A ideia de que algo extraordinário vai acontecer sempre me acompanha no impulso das viagens. O que eu não imaginava é que o extraordinário, desta vez, ficaria para trás, no Brasil, enquanto eu me afastava cada vez mais, no fuso horário, no espaço, no tempo, na cápsula voadora, em direção à normalidade, lá do outro lado do mundo. Há um toque darwinista no ato de embarcar num avião, com a bovina organização das filas, as pessoas momentaneamente escoteiras procurando seu lugar, na bizarra classificação por classes, números, prioridades, cartões especiais.

E até mesmo idade —é o único momento em que não lamento a quantidade de anos que vivi, o que me garante entrar antes dos outros. Essa vantagem é mais uma jabuticaba brasileira. Se fizessem o mesmo nos países tradicionalmente civilizados, a fila das prioridades seria muito maior do que as outras. Liberado o povo para o funil do avião, vamos controlando o instinto de levar vantagem em tudo, da conquista do espaço para a bagagem de mão ajeitada nos buracos acima, até a ginástica cuidadosa e provisoriamente definitiva do encaixe do corpo nos assentos, de onde em geral só nos levantaremos, como molas disparadas e aflitas, no exato instante em que os motores se desligam, ao final da viagem.

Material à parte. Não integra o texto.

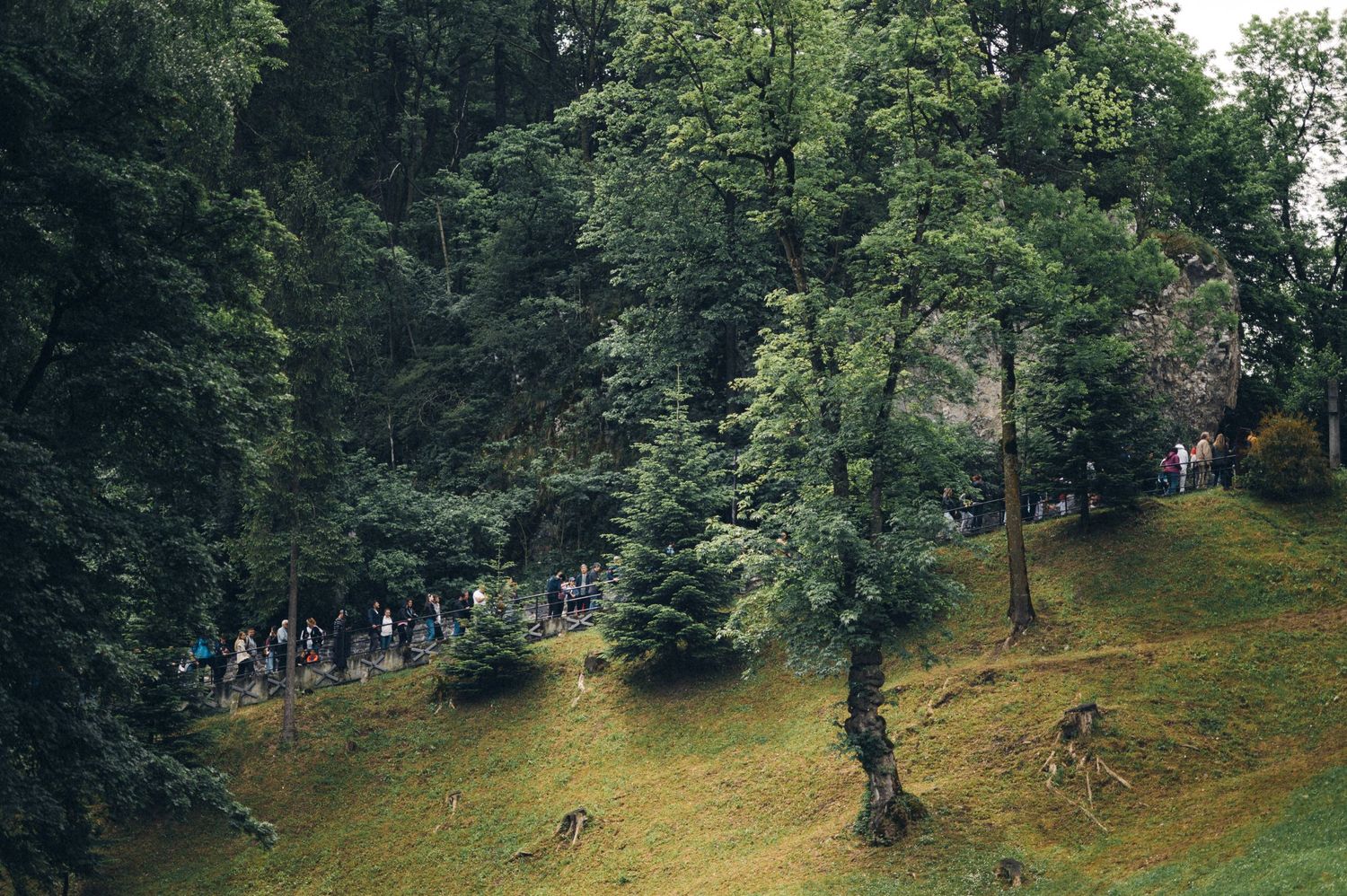 People walking along hillside path through lush green forest landscape.
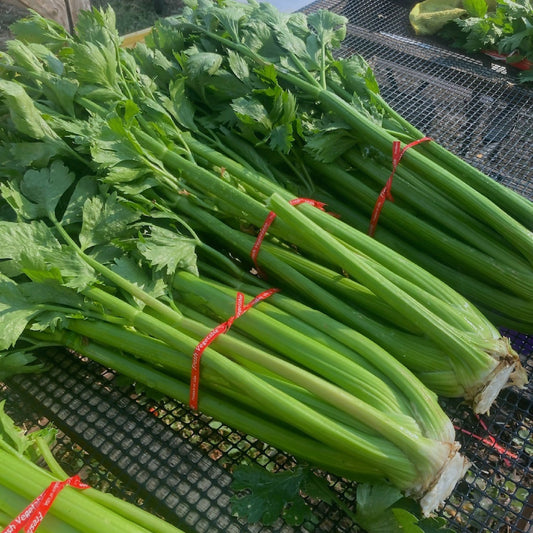 Celery | Black Fox Farm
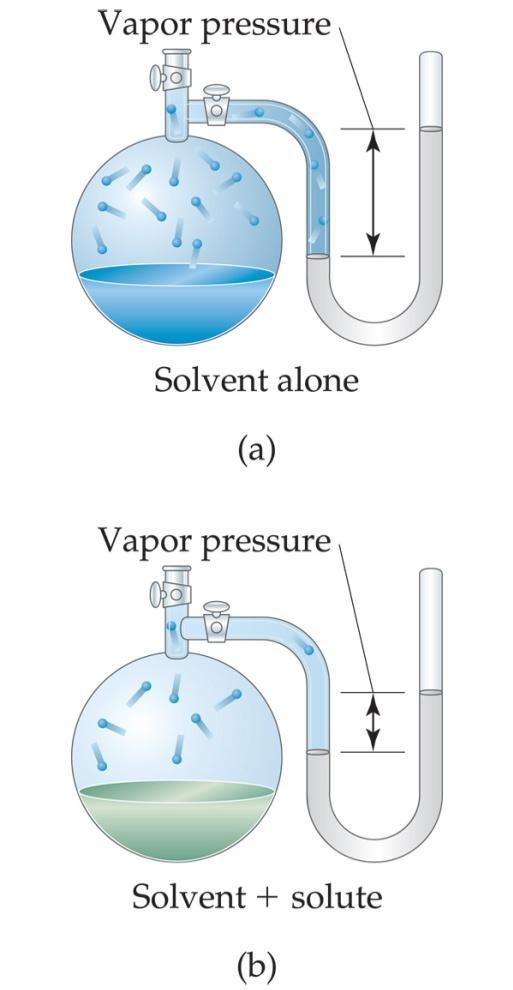 Vapor Pressure Because of solute-solvent intermolecular attraction, higher concentrations of nonvolatile solutes make it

A impressionante rede de organização logística do mais perfeito e seguro meio de transporte jamais inventado —é mais garantido eu me manter vivo indo à China acompanhando pelo alto a curvatura da Terra ao longo de 24 horas, do que descendo à praia, de carro, num trecho de hora e meia— nos dá a impressão de uma absurda fragilidade, um gigantesco castelo de cartas que se movem sem desabar. Vou deixando o Brasil para trás, e para baixo, e avanço em direção à Finlândia, o que pela simples sugestão do nome soa como uma espécie de limite do mundo.

Será a Finlândia a Utopia? Uma jornalista me diz que, na Finlândia, é proibido por lei cobrar pelo ensino, de modo que o filho do deputado, necessariamente, sentará ao lado do filho do gari na mesma sala de aula; mas imagino que, ao mesmo tempo, pagará o preço que pedirem pelo litro de gasolina (em torno de R$ 7), porque as coisas todas têm um custo. 

Quando tudo é de graça, a vida fica muito cara para quem não pode pagar por fora ou não tem isenções, penduricalhos ou auxílios-tudo. Utopias são projeções sem história, puras ideias, frutos do desejo que, do nada, parece refazer o mundo, inventando uma espécie de humanidade felizmente desprovida de pessoas reais, que, como sabemos desde crianças, só incomodam.

Já que eu ia para lá, precisava entender previamente a Finlândia, seguindo meu velho método de mestre-escola (estude, rapaz!), e mergulhei nos filmes de Aki Kaurismäki (“O Homem sem Passsado”, “Nuvens Passageiras”, “Contratei um Matador Profissional”), em busca de alguma essência nacional. O que é outra abstração, mas misteriosamente mais palpável. Por exemplo: é muito difícil definir o que é um brasileiro, se é que existe um padrão, mas o reconhecemos em qualquer lugar do mundo só pelo jeito de andar.

E o que será um finlandês? Kaurismäki (um cineasta amado no país; basta citar seu nome e os finlandeses sorriem) filma como quem desenha histórias em quadrinhos, em tomadas hieraticamente imóveis, com poucas falas e silêncios curiosamente engraçados, cores básicas e exuberantes, e uma simplicidade chapliniana num espaço nostálgico, antigo, decadente. 

Há mais pobres nos seus filmes do que na Finlândia inteira. E não encontrei em Helsinque nenhuma parede com tinta descascada, como as que abundam em suas imagens. Entretanto, todos os seus personagens são iniludivelmente finlandeses, vivendo sob uma camada misteriosa de bom humor, um otimismo subterrâneo, o que aqui se sente em toda parte.

Bem, além dos índices muito altos de renda e qualidade de vida, há uma razão específica para tanta felicidade: o sol. Nesta época do ano, os dias são longuíssimos na Finlândia, maravilhosamente luminosos. Às onze da noite ainda é dia; às três e meia, amanhece. Uma multidão eufórica de finlandeses enche festivamente as ruas, como um povo que, todos os anos, num curto espaço de tempo, emerge alegre das sombras para respirar. 

Caramba, a Finlândia é mesmo fantástica. A felicidade tranquila tem suas qualidades. Acho que andamos muito pessimistas. Proponho oito meses de noite para o Brasil, todos os anos. Que alegria raríssima e inesquecível seriam as manhãs!